2020 saw the culmination of four years of work by the Cities Alliance to investigate the links between the provision of public goods and services, and equitable economic growth in secondary cities in least developed countries (LDCs). Triple Line, which contributed diagnostic and analytical inputs to the programme since its start in 2016, conducted this synthesis to bring together the knowledge gained and lessons learnt over the course of the programme.
In 2016, Cities Alliance established a four-year Joint Work Programme (JWP) on Equitable Economic Growth (EEG) in Cities (JWP-EEG) to better understand and strengthen the link between public service provision and equitable economic growth in cities. To accomplish this goal, Cities Alliance worked with local governments, city stakeholders and development partners to produce global knowledge products, facilitate policy dialogues and support city-level diagnostics and policy recommendations to respond to the challenges of inequitable economic growth in cities.
As the programme was coming to an end, Cities Alliance commissioned Triple Line to synthesise the knowledge gained and lessons learnt from the four years of the programme.
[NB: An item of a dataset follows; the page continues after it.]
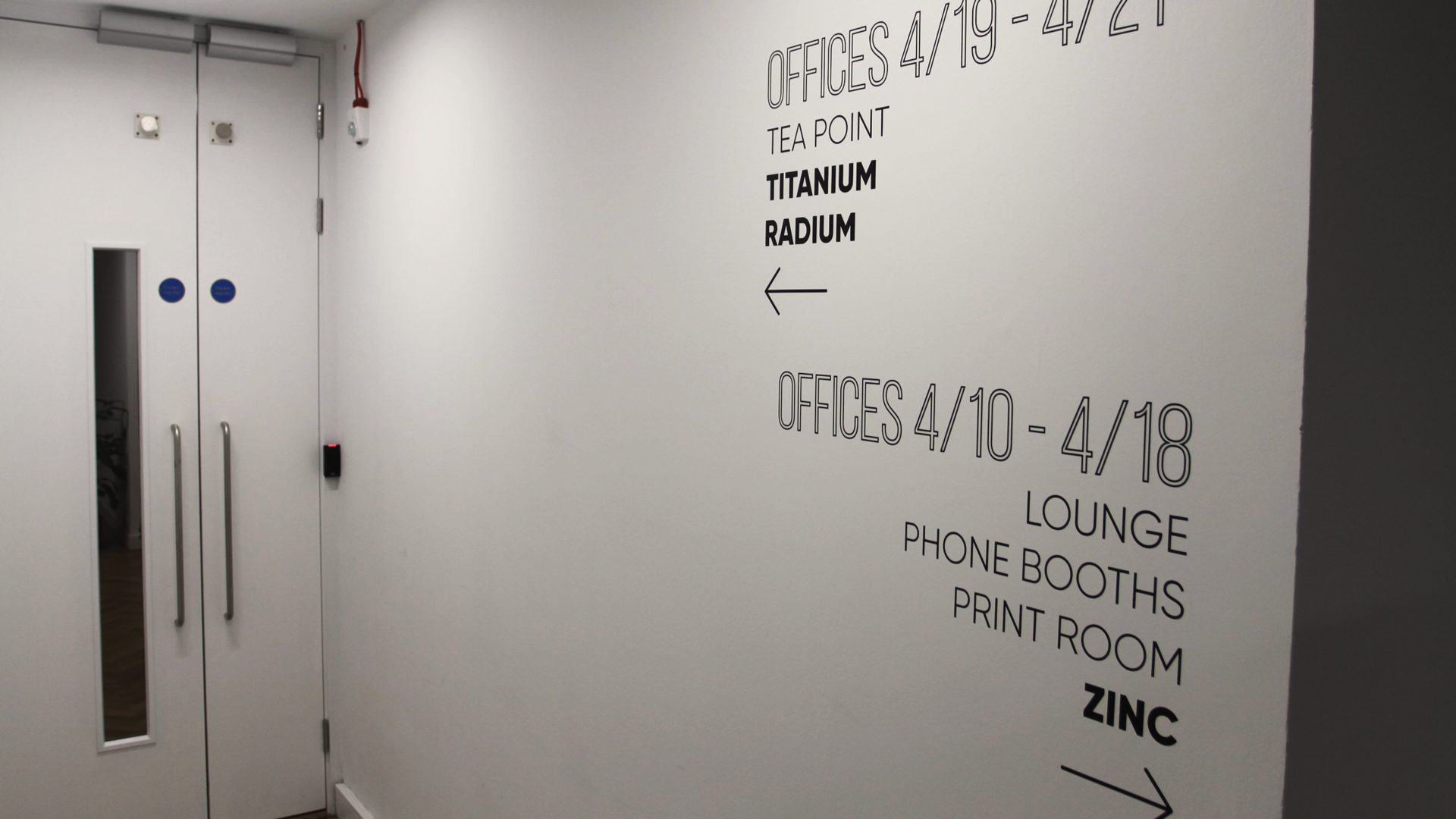 LABS HOUSE wayfinding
This synthesis is part of the legacy of the programme and can be used to inform future EEG initiatives. Given our deep familiarity with the programme, technical expertise and on-the-ground experience in the focus cities, our team was well qualified to distil relevant and compelling themes emerging from the evidence base that had been built up over the years.
The synthesis was based on review, analysis and summary of the full body of work of the JWP-EEG in order to provide an overview of the findings and recommendations generated across the programme. We also reviewed the JWP-EEG theory of change in light of the JWP-EEG body of work and developed products to illustrate, substantiate and disseminate the JWP theory of change. We conducted a cross-analysis of the knowledge produced under the various JWP-EEG components and across the JWP-EGG Campaign Cities (Sylhet and Narayanganj in Bangladesh; Mbale and Gulu in Uganda; Cape Coast and Agona Swedru in Ghana; Kajiado and Nyandarua in Kenya) in order to highlight key aspects of fostering equitable economic development in secondary cities. In particular, we extracted and highlighted knowledge, insights and recommendations emanating from the JWP Campaign Cities initiative, and produced related outputs for public dissemination.
Measures to improve equitable access to public goods and services can and do have a direct and positive impact on EEG. We now have a better understanding of what levers need to be pulled in order to promote EEG
A key overall finding of the JWP-EEG is that measures to improve equitable access to public goods and services can and do have a direct and positive impact on EEG. We now have a better understanding of what levers need to be pulled in order to promote EEG. Future urban development initiatives can more effectively focus on ways to provide and manage public goods and services that directly relate to two of the most important development challenges of our day, namely equality and sustainability. Strengthening equitable access to public goods and services in a way which improves the employment opportunities and life chances of the working poor, and those operating in the informal economy, can ultimately support the structural transformation of city and national economies.
We developed the following toolkits to diagnose, assess and promote EEG in cities:
Credit: Video by Cities Alliance
Toolkit to Assess and Promote Equitable Economic Growth in Cities
The Toolkit to Assess and Promote Equitable Economic Growth in Cities is a simple, user-friendly, flexible tool to help mayors understand what equitable economic growth means for their city, and what kind of opportunities and constraints exist.
It is based on the premise that equitable economic growth in urban areas requires improving infrastructure and public services at the local level, and securing access to these public goods for citizens, private sector and state-owned businesses regardless of economic status, gender, ethnicity, or residential location.